Tuesday, November 10, 2009

Profanity in Fiction - Sci-Fi Swearing

Swearing in the science fiction genre is a time-honored tradition.  Sometimes it is done poorly, sometimes well, sometimes to be serious, and sometimes for comic effect.  I've perused a number of great posts and articles, a few of which I discuss below, that deal with the subject.

First of all, sci-fi has a tendency towards gritty subject matter.  This is certainly not always the case, but as a genre, there is a general tolerance for some varying amount of tough topics like sex, profanity, torture, crime, and whatnot.  So swearing in one form or another is not uncommon.

The general trick with sci-fi is that we are often writing in times, worlds, and universes other than our own.  In some cases this means current standard human swear words are still appropriate, but like as not, things are different enough in the setting in question that one would not expect the swear words to be the same.

Of course, one would not expect any of the words to be the same.  That is, we imagine our characters are actually speaking a language other than English.  So technically, since all of this is translated, one might assume the swear words would be translated into their most likely English equivalent, as well.  But as both a reader and writer of sci-fi, I know you can get a lot of leverage from making up likely and believable words, including swear words, that will give your story a 'realistic' edge.

For example, I noted a book called "Brave New Words" which discusses all the great sci-fi words that have been made up over the years.  A post on the OUPblog contained an excerpt from that book targeted specifically at manufactured profanity.

And here's a post on made-up swearing currently in the genre which can be found at io9 (using the same photo I have here because it is very cool).  The post mentions an old favorite from Mork and Mindy - Shazbot.  Admitting that memory places me pretty easily on the age meter, I know.  But using that word was an excellent way to create both humor and a sense of the difference between Mork and the humans.

Personally, I think making up good words for use in sci-fi settings is a great skill, and those who are good at it can add a layer of complexity to their writing that can really make a story shine.

Later then

Image is of a license plate with the word 'frak'.  Some believe it was originally a Battlestar word, while others give credit to the old Star Trek for this one.  Either way - made up swears in sci-fi are a beloved part of the genre.  http://www.flickr.com/photos/sometoast/ / CC BY-SA 2.0


Andy said...

I agree it's a tricky issue-- there's certainly the potential for using a non-standard/goofy "swear word" as a hook for a character (I seem to be stuck in the superhero genre for the examples that come to mind: "Great Caesar's Ghost" and "Holy X, Batman").

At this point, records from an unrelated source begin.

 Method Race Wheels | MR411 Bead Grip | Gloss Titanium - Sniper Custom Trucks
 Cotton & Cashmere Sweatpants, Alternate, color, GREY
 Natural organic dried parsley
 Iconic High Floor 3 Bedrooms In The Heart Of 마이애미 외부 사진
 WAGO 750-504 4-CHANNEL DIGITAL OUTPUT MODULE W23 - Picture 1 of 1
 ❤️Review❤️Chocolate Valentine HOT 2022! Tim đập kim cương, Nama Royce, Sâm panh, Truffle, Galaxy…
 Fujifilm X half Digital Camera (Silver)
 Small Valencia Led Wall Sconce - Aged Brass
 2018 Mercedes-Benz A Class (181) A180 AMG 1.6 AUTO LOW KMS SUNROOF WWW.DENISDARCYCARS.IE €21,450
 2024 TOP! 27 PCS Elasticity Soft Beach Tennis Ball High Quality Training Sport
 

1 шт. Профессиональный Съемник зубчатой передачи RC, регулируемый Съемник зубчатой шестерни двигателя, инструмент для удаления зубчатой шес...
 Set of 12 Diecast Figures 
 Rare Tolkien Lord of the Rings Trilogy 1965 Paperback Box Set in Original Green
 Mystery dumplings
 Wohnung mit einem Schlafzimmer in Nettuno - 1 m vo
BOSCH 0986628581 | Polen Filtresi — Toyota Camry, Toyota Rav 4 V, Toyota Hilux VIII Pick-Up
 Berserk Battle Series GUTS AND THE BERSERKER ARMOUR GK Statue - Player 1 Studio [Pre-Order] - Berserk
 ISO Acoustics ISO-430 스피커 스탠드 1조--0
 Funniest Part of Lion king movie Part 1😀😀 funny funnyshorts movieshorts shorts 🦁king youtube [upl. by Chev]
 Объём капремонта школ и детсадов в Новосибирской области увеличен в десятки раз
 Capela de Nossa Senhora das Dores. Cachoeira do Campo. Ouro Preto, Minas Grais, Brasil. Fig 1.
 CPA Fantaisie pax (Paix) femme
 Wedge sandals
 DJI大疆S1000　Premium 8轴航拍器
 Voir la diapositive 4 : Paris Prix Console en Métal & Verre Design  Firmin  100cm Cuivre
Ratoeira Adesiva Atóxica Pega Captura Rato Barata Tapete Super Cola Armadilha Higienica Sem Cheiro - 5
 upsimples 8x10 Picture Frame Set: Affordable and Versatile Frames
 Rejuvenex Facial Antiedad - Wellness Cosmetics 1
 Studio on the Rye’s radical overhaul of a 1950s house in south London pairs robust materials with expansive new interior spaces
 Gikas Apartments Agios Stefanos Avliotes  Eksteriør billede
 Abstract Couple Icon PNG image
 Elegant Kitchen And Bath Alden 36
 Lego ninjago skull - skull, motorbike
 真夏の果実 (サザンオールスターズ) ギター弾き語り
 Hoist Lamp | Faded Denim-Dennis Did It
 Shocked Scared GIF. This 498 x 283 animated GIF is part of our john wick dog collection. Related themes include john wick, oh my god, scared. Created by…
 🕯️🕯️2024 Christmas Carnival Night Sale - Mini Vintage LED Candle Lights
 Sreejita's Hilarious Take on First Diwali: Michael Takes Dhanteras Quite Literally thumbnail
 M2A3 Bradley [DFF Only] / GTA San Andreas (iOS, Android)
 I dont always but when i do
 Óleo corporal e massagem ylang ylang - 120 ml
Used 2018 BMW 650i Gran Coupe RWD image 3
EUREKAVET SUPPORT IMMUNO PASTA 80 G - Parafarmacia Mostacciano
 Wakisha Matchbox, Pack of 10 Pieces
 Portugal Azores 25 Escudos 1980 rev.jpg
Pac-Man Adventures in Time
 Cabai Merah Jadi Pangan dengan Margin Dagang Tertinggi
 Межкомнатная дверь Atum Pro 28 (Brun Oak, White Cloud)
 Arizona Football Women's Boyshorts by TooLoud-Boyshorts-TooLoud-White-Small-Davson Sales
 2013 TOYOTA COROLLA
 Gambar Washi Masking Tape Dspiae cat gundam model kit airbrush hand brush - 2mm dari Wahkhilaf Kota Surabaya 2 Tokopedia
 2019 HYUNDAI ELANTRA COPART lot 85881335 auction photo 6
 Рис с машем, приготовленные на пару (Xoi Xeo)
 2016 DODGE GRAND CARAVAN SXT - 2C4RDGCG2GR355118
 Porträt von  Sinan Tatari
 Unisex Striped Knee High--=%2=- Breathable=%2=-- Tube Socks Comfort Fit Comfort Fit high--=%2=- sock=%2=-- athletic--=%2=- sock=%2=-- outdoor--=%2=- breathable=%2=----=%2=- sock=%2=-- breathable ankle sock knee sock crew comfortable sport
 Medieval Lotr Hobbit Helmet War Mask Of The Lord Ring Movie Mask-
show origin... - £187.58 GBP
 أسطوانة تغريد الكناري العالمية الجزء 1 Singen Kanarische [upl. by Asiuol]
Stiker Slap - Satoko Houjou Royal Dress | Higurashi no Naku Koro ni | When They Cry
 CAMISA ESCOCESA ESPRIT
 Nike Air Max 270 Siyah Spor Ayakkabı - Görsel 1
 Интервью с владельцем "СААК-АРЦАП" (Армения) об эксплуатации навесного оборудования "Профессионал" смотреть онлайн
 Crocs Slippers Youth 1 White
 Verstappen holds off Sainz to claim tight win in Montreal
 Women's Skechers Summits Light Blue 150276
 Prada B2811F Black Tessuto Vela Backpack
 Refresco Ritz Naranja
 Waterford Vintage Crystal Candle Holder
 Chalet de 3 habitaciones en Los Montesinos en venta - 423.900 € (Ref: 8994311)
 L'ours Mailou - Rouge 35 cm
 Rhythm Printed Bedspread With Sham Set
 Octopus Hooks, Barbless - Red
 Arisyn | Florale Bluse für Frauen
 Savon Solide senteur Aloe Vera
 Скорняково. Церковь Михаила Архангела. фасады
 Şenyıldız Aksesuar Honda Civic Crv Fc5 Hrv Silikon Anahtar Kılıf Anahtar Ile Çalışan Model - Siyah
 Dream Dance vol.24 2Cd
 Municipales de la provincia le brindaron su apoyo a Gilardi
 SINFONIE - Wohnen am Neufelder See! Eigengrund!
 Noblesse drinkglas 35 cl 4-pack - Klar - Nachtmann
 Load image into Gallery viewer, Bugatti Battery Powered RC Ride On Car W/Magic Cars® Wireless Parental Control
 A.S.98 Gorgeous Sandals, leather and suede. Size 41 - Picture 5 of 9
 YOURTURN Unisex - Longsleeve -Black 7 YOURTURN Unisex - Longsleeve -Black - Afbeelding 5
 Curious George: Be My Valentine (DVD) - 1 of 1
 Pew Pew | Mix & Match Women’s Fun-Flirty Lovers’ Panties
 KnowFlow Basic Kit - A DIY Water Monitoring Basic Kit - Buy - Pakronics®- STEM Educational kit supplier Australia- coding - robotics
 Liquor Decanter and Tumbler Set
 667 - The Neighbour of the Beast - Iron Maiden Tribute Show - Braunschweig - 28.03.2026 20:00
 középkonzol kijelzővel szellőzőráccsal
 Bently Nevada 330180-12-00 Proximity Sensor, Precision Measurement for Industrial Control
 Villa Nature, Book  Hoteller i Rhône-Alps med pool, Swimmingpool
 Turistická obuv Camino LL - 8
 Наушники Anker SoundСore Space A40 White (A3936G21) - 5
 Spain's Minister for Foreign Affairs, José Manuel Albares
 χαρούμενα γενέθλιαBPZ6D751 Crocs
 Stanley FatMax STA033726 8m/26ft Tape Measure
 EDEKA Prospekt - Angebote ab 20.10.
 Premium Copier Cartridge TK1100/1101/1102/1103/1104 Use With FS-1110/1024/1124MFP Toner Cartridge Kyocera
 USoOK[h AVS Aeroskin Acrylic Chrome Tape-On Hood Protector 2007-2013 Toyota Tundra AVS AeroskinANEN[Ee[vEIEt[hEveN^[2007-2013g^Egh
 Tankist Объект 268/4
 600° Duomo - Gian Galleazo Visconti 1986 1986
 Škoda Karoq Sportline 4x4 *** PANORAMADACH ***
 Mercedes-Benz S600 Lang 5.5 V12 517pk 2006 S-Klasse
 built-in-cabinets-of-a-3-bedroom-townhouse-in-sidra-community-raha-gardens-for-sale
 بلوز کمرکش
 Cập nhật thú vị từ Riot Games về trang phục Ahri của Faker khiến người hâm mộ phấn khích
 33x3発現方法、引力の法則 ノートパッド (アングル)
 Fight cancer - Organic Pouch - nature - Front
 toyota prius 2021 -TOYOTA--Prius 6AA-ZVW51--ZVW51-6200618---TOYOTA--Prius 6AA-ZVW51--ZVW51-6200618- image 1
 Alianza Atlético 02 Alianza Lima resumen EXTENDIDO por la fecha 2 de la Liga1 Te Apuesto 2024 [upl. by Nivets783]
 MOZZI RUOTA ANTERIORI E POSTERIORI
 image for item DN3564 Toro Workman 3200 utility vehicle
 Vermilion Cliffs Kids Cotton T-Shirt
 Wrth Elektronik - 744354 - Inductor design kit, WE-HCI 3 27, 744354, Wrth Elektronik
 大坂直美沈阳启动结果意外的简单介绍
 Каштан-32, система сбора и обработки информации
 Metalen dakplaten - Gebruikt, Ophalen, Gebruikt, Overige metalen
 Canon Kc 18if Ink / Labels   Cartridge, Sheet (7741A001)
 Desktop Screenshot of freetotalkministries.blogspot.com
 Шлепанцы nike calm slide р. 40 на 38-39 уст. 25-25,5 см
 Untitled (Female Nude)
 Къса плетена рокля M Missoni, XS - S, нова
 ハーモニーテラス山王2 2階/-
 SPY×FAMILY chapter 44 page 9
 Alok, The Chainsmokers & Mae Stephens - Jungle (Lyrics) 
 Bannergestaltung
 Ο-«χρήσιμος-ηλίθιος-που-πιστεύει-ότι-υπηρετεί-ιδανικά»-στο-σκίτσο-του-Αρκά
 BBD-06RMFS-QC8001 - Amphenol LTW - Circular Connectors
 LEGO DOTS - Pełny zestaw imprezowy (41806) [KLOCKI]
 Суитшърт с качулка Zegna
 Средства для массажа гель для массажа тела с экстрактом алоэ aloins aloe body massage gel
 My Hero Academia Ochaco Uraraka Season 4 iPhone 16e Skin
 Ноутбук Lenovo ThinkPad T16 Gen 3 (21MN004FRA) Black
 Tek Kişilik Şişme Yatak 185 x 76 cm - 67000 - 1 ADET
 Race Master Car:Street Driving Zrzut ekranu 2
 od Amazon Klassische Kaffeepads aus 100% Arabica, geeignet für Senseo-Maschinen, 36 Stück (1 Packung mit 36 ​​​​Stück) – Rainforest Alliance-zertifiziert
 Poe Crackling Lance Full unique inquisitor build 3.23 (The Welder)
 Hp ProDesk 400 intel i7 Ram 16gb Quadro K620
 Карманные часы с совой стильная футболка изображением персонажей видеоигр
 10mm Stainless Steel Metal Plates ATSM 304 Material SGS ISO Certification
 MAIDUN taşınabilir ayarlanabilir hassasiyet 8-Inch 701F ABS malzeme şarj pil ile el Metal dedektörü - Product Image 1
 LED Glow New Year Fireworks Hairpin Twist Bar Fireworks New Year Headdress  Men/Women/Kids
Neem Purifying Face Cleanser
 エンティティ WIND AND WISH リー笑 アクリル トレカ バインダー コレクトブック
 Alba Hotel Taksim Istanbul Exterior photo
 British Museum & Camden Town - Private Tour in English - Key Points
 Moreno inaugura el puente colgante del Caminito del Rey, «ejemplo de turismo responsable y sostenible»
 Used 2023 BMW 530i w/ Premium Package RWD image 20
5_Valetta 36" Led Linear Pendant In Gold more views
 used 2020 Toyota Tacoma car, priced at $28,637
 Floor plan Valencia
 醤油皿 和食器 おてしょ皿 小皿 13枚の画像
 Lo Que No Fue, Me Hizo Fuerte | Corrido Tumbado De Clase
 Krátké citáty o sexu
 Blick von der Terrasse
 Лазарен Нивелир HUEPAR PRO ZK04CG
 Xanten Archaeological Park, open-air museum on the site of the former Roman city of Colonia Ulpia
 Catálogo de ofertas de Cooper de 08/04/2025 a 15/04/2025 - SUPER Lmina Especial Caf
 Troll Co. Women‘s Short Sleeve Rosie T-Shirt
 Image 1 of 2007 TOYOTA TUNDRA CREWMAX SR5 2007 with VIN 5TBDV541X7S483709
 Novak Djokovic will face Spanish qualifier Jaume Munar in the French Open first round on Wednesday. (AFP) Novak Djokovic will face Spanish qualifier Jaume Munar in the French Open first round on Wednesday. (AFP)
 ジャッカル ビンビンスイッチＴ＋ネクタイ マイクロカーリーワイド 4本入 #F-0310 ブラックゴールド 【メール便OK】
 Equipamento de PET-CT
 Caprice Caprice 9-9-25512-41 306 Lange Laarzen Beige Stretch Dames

On the other hand, too forced or cute is just a distraction.

I suppose I think of it similar to the way it works in music and comedy (and real life). When used sparingly, swearing keeps its power. But in a sense, its constant use by characters is itself telling about a story's setting.

I'm rambling. :)

Amy said...

Good grief, "shazbot." I haven't hear that in a while. :-)

I thought "frak" in BSG was interesting. At first, I was distracted by it; after a while, and due in no small part the the actors' commitment to delivering it like a real swear word, I felt it fit the world quite well. It also feels like you belong to some kind of club when you hear or see it outside of its usual context (e.g. a license plate) and know what it means.

JA Grier (ee/em/eir) said...

Amy - It is great to see actors who can inhabit science fiction characters with power and authenticity. Fans can usually spot a pretender. They are too invested in the world.